The joint probability of the random variables $X$ and $Y$ is given by $$P(X=n, Y=m) =\frac{\alpha ^{m}\beta ^{n-m}}{m!(n-m)!}e^{-(\alpha +\beta )} $$ $$m=0,1,2...$$ $$n=m, m+1, m+2, ...$$
a) Evaluate $P(X=n)$ and $P(Y=m)$.
b) Are $X$ and $Y$ independent?
My solution so far:
a) $$f_{XY}(n,m) = P(X=n, Y=m)$$ $$P(X=n) = f_{X}(n) = \sum_{m}f_{XY}(n,m) = \sum_{m=0}^{n}\frac{\alpha ^{m}\beta ^{n-m}}{m!(n-m)!}e^{-(\alpha +\beta )}$$ $$=e^{-(\alpha +\beta )}\frac{1}{n!} \sum_{m=0}^{n}\frac{n!}{m!(n-m)!}\beta^{n-m}\alpha^{m}$$ $$=\frac{(\beta+\alpha)^{n}}{e^{(\alpha+\beta)}n!}.$$
So far, am I doing this correctly?
For $P(Y=m)$:
$$P(Y=m) = f_{Y}(n) = \sum_{n}f_{XY}(n,m) = \sum_{n=m}^{\infty}\frac{\alpha ^{m}\beta ^{n-m}}{m!(n-m)!}e^{-(\alpha +\beta )}$$ $$=e^{-(\alpha +\beta )}\frac{1}{n!} \sum_{n=m}^{\infty}\frac{n!}{m!(n-m)!}\beta^{n-m}\alpha^{m}$$ $$\mbox{ from here-> }=\frac{e^{\beta }\alpha ^{m}}{m!}e^{-(\alpha +\beta )}=\frac{e^{-\alpha }\alpha ^{m}}{m!}=\frac{\alpha ^{m}}{e^{\alpha }m!}.$$ Here, I have no idea how to the get the summation "from here". I used an online summation calculator because I don't know how to get there.

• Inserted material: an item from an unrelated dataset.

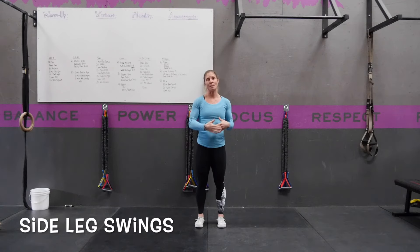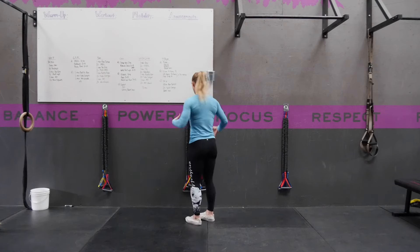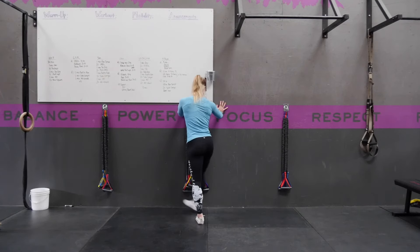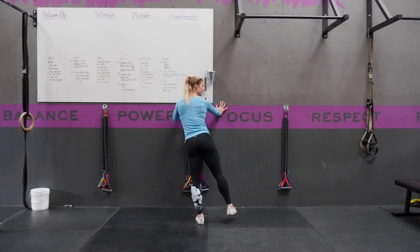A side leg swing is a good way to warm up your hips for exercise. You're going to start holding on to a wall with your abs nice and tight, your chest nice and tall. You're going to take one leg and bring it across your body as you allow yourself to rotate in, and then bring it out and try to get your hips in neutral.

Any help as to how to get there would be appreciated!!
b)
$X$ and $Y$ are independent if $f_{X,Y} = f_{X}(x)f_{Y}(y)$.
From a, $$f_{X}(x)f_{Y}(y) = \frac{(\beta+\alpha)^{n}}{e^{(\alpha+\beta)}n!}\frac{\alpha ^{m}}{e^{\alpha }m!}. $$
From given, $$f_{X,Y}= \frac{\alpha ^{m}\beta ^{n-m}}{m!(n-m)!}e^{-(\alpha +\beta )}.$$
So, since $f_{X,Y} \neq f_{X}(x)f_{Y}(y)$, $X$ and $Y$ are NOT independent.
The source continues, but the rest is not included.